Il via libera all’approvazione del progetto sembra imminente. Non per questo l’attenzione deve diminuire. Nell’interesse generale va preteso il rispetto delle regole – compresi i vincoli legati al contesto - e la sottoscrizione di una convenzione che mantenga un punto di equilibrio tra esigenze pubbliche e private: in molte esperienze passate proprio le convenzioni hanno permesso alle cordate imprenditoriali di fare il bello e il cattivo tempo, modificando a loro vantaggio gli accordi originari nel tempo.
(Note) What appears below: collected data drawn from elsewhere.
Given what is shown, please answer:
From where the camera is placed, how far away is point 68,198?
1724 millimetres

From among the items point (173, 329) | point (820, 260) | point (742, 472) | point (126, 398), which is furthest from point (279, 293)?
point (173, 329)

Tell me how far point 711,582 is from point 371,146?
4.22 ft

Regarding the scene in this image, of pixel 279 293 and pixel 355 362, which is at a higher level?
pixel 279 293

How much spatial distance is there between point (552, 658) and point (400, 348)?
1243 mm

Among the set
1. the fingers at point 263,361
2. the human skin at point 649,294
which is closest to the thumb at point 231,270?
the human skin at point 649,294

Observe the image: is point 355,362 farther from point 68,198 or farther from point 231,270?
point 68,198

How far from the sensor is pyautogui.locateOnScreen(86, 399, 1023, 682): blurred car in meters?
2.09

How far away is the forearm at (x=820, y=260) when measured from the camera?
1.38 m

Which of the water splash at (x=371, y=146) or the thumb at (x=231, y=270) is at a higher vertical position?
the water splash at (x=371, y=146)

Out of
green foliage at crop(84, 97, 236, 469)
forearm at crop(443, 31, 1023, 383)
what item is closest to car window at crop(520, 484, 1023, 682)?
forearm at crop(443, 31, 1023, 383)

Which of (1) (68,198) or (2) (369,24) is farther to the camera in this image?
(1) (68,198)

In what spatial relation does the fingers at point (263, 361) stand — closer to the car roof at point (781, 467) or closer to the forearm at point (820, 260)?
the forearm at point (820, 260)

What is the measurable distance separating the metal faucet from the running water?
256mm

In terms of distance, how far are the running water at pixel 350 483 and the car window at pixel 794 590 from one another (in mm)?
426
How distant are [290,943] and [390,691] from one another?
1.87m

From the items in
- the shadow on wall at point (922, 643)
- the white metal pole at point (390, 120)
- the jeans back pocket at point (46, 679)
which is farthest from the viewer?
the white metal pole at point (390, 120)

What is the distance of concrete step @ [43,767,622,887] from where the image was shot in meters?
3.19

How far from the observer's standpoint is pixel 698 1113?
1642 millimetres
La trasparenza che la giunta Raggi si era impegnata a portare si è tradotta, all’opposto, in pratiche oscure e segrete. Dietro la propaganda si è nascosta la mancanza di una linea, promettendo operatività e miglioramenti che non sono arrivati, giocando con la realtà urbanistica e, insieme, con i sentimenti di una città da sempre legata alla sua squadra. Serve una chiara inversione di tendenza, con la determinazione a rendere pubbliche le modalità di scelta che stanno all’origine delle operazioni, nonché il quadro di vincoli in cui ci si muove e gli sforzi per ottenere miglioramenti per la collettività. Altrimenti continuerà ad alimentarsi la diffusa convinzione circa il servilismo delle amministrazioni verso i potentati economici.

Il polo democratico e progressista che si candida a governare Roma nel 2021 dovrà essere in grado di affrontare in profondità tali questioni, imparando dal passato e dal clamoroso fallimento registrato dalla giunta Raggi e dal M5s capitolino.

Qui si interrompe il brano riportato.